◆ Problem requirements ◆
Quote from the first line below through the line that contains "Anti-Tubulin Antibody, beta, clone", both included, and leave the pictures out.

◆ Short text fragments from websites ◆
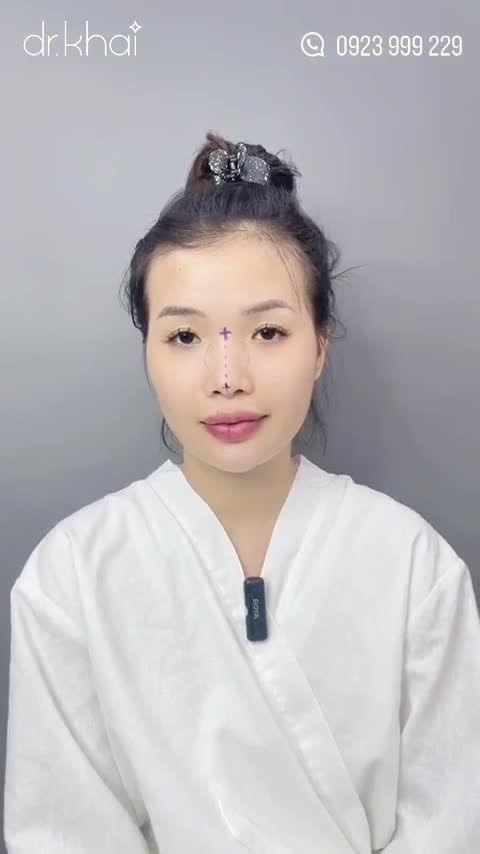 NÂNG MŨI CẤU TRÚC - CẢI THIỆN MŨI THẤP, NGẮN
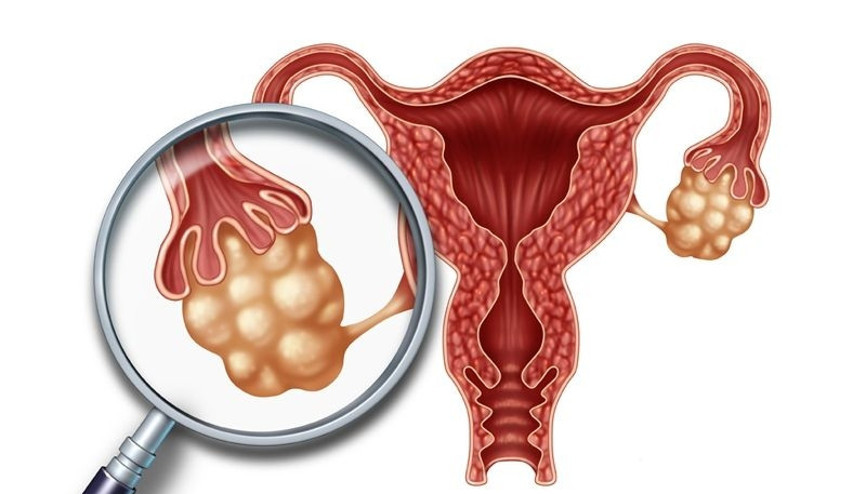 Polikistik Over Sendromu nedir PKOS hastaları hamile kalabilir mi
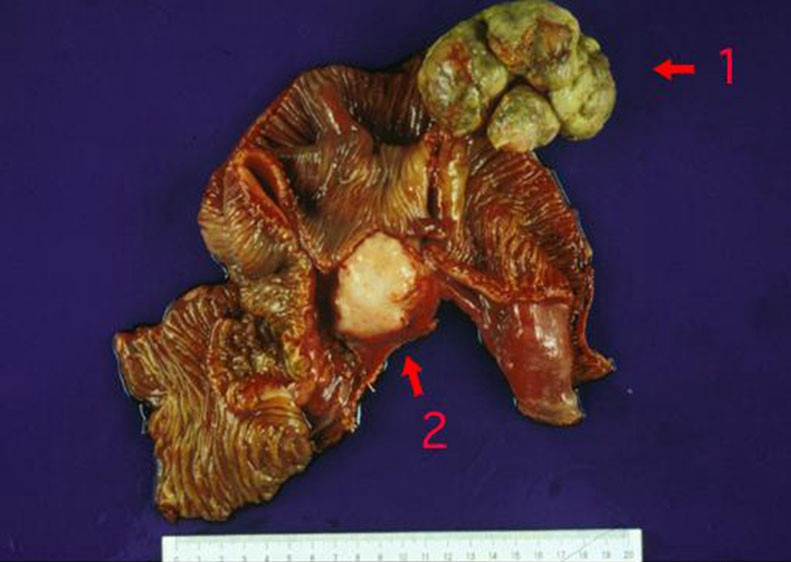 肠肿瘤早期的实物图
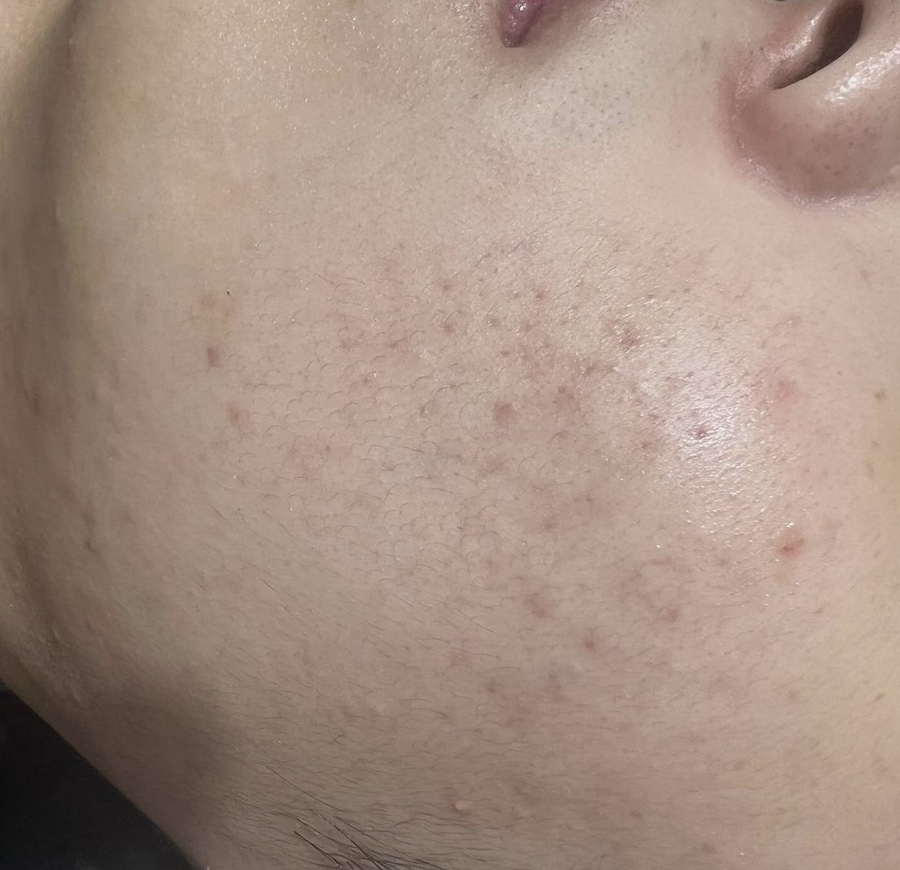 하얀피부관리샵 이미지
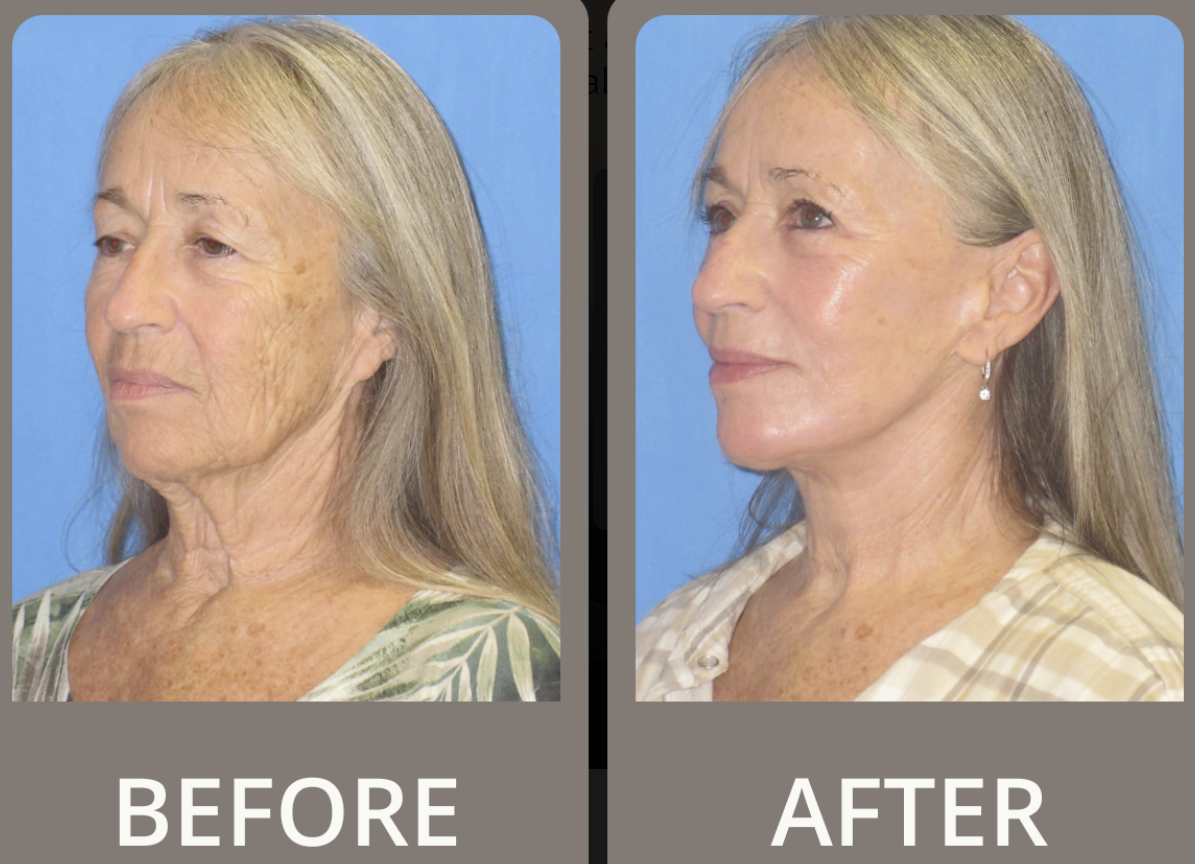 Patient result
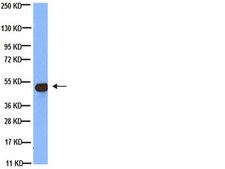 Anti-Tubulin Antibody, beta, clone KMX-1 clone KMX-1, Chemicon&#174;, from mouse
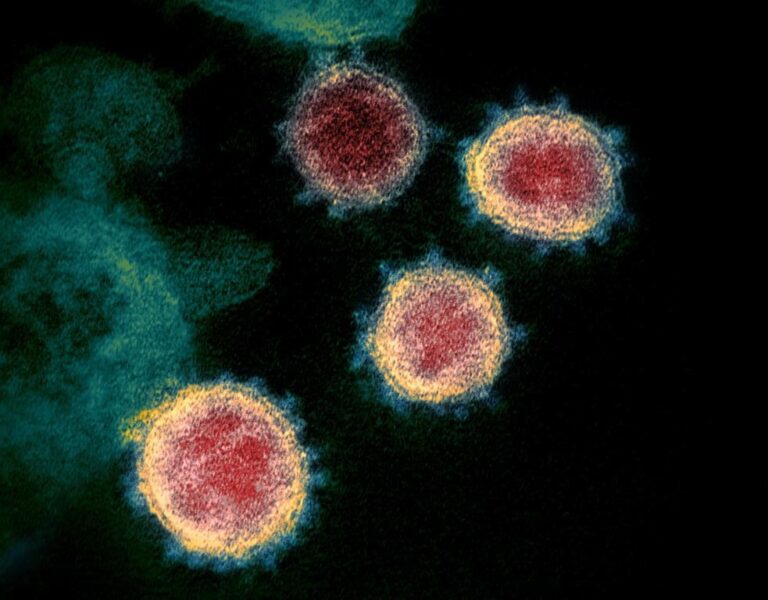 Canadian researchers discover ‘weak spot’ in COVID-19 virus key to treatments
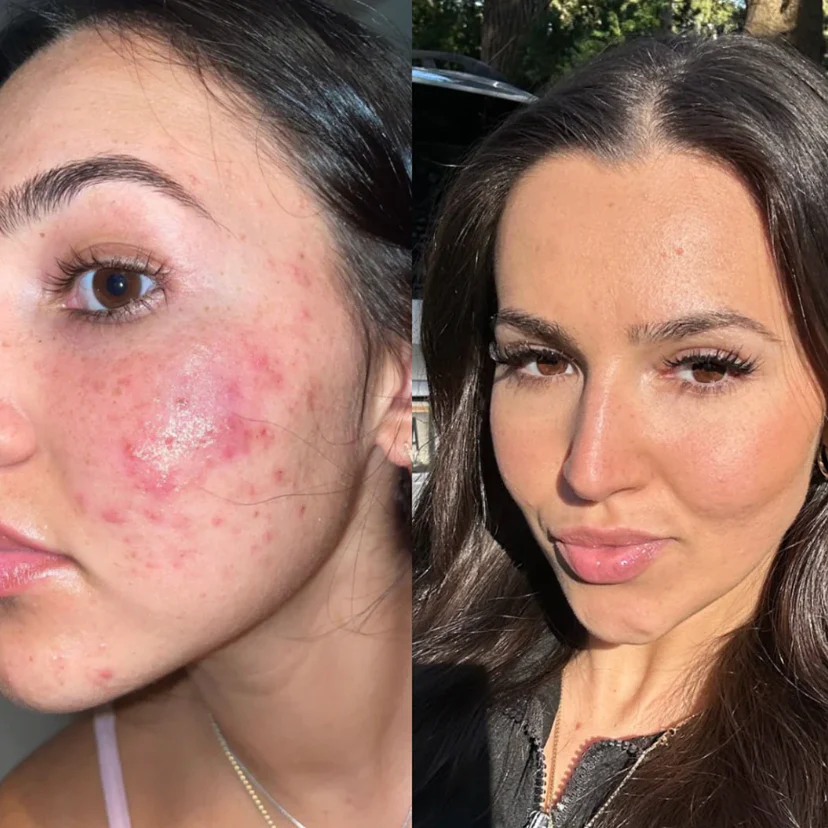 Side-by-side comparison of a woman's face showing acne and clear skin.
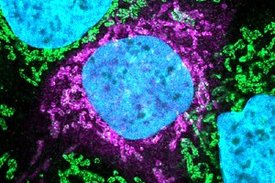 Das Virusbestandteil Orf9b (pink) bindet an das Wirtsprotein TOM70 (grün). Dieses Molekül an den Mitochondrien der befallenen Zellen wird vom Virus beeinflusst, fand ein internationales Konsortium heraus. TOM70 spielt eine Rolle in der antiviralen Antwort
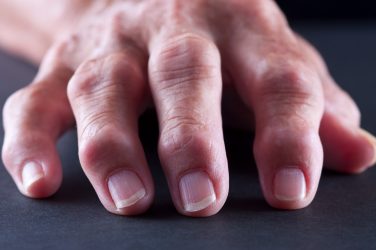 Painkiller use in inflammatory arthritis is ‘widespread’ despite no benefit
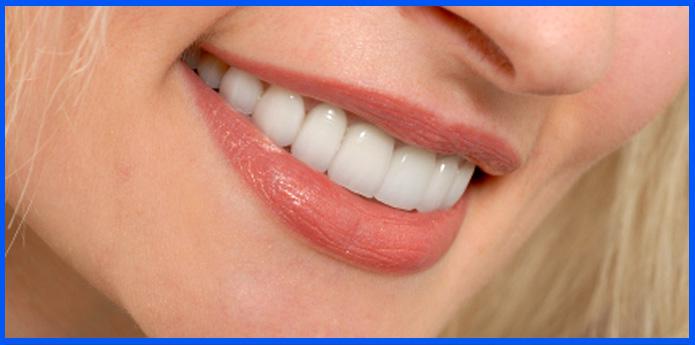 Porcelain Veneers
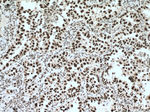 HSF1 Antibody in Immunohistochemistry (Paraffin) (IHC (P))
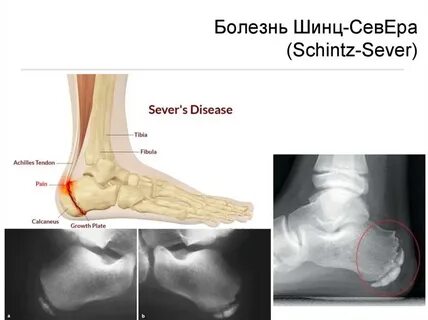 Болезни пяточной кости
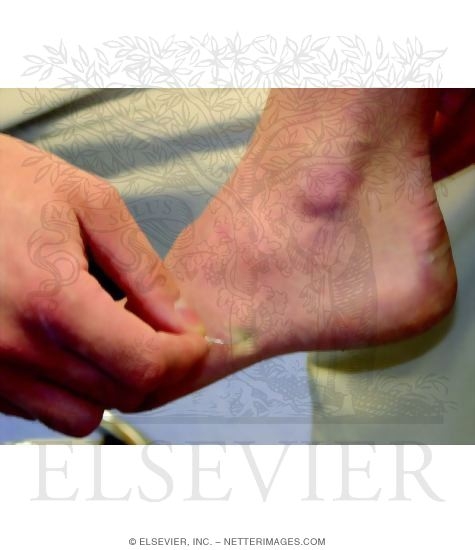 Pin-Prick Test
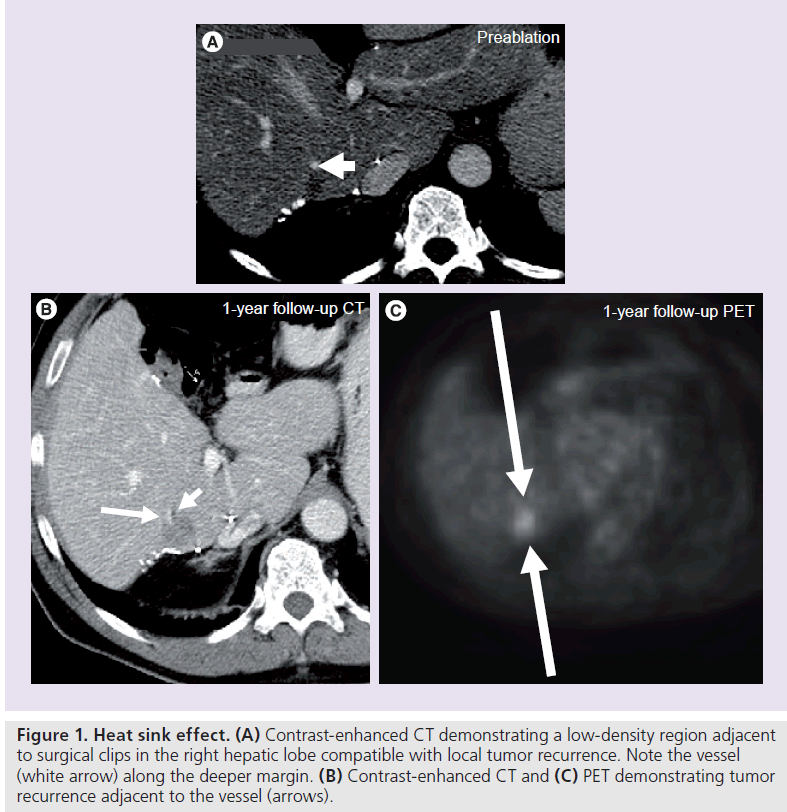 imaging-in-medicine-tumor-recurrence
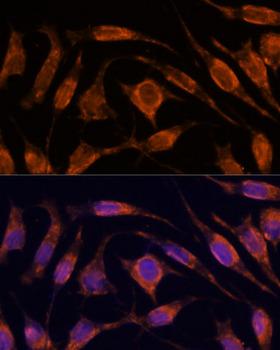 IPO4 Antibody - Immunofluorescence analysis of L929 cells using IPO4 Polyclonal Antibody at dilution of 1:100.Blue: DAPI for nuclear staining.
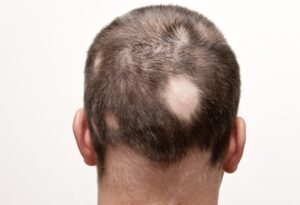 Dermatolog tarafından uygulanan saçkıran (alopecia areata) tedavisi
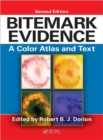 Image for Bitemark evidence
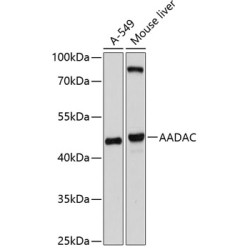 AADAC Rabbit pAb
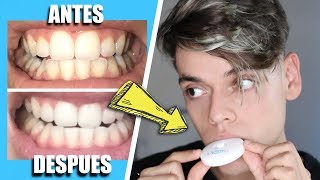 CÓMO BLANQUEAR tus dientes en MINUTOS  BLANQUEADOR DENTAL con LUZ 😬 ¿FUNCIONA [upl. by Airlee120]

◆ Answer to this task ◆
 NÂNG MŨI CẤU TRÚC - CẢI THIỆN MŨI THẤP, NGẮN
 Polikistik Over Sendromu nedir PKOS hastaları hamile kalabilir mi
 肠肿瘤早期的实物图
 하얀피부관리샵 이미지
 Patient result
 Anti-Tubulin Antibody, beta, clone KMX-1 clone KMX-1, Chemicon&#174;, from mouse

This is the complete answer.